Regular expressions in JavaScript
- Be careful that there is no DOTALL mode on JS. \n will match a newline, independently of the OS representation, on Firefox but NOT on Opera (at least; maybe also on IE). So if you need to match any character the best is to use:
[\s\S]
rather than . with DOTALL mode. Do not use (.|\n) and do not use (.|[\s\S])! The second may seem to work but will actually freeze the JS execution engine on complex matches.
- You can use the following function to quote a literal string for a regular expression (same as using \Q and \E in Java):
regularExpressionLiteral = regularExpressionLiteral(new RegExp("[.\\\\+*?\\[\\^\\]$(){}=!<>|:\\-]", "g"), "\\$&");new RegExp("[.\\\\+*?\\[\\^\\]$(){}=!<>|:\\-]", "g"), "\\$&");
Regular expressions in Python
Official documentation available here.
Basic Operations
You can perform two basic operations: search and match. In Perl, search is always used.
- match(): Determine if the RE matches at the beginning of the string.
- search(): Scan through a string, looking for any location where this RE matches.

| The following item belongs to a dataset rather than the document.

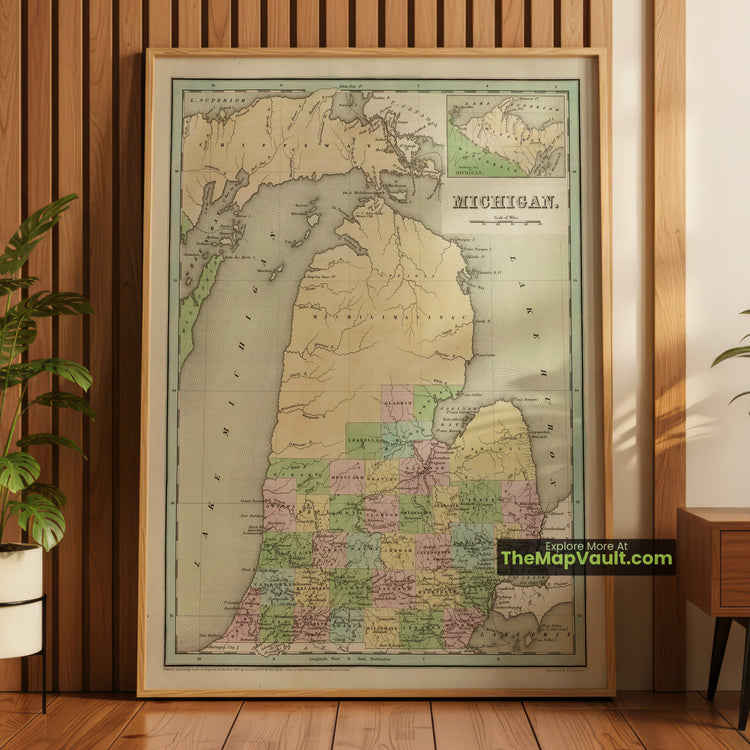 Michigan Map 1838 State Print - Detroit, Ann Arbor, Kalamazoo - image 1
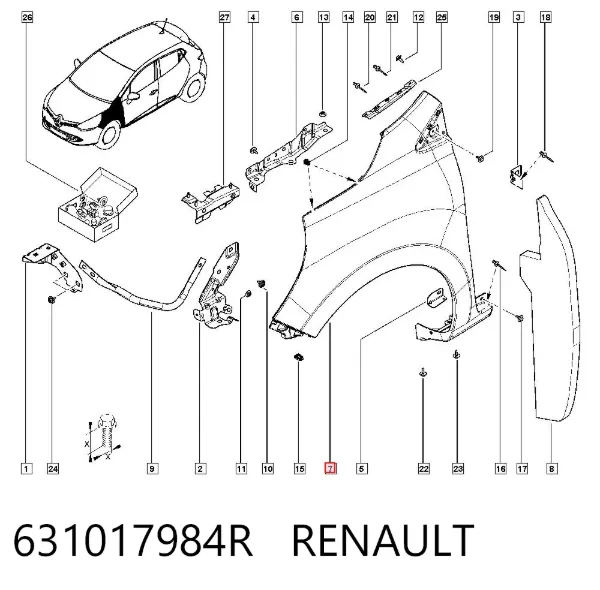 Sol ön çamurluk 631017984R Renault (RVI)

Regular Expressions in PHP
Things worth keeping in mind:
- It is better to code your patterns in single quote strings, as it then won't interpret variables starting with $. Note if you use double-quote encoding, just typing a backslash (\) character in front of the $ in the hope that it won't expand the variable WON'T work - as $ is already a special character within regular expressions.
- Apparently patterns need a delimiter if your beginning or ending characters are special - typically you can just use "/" at the start and the end of the pattern.
Functions
- Use preg_match if you want to get some data inside a string via a regular expression. You can access the groups you created via $matches[1], $matches[2], etc...
preg_match($pattern, $data, $matches);
- Use preg_replace if you want to replace some data inside a string.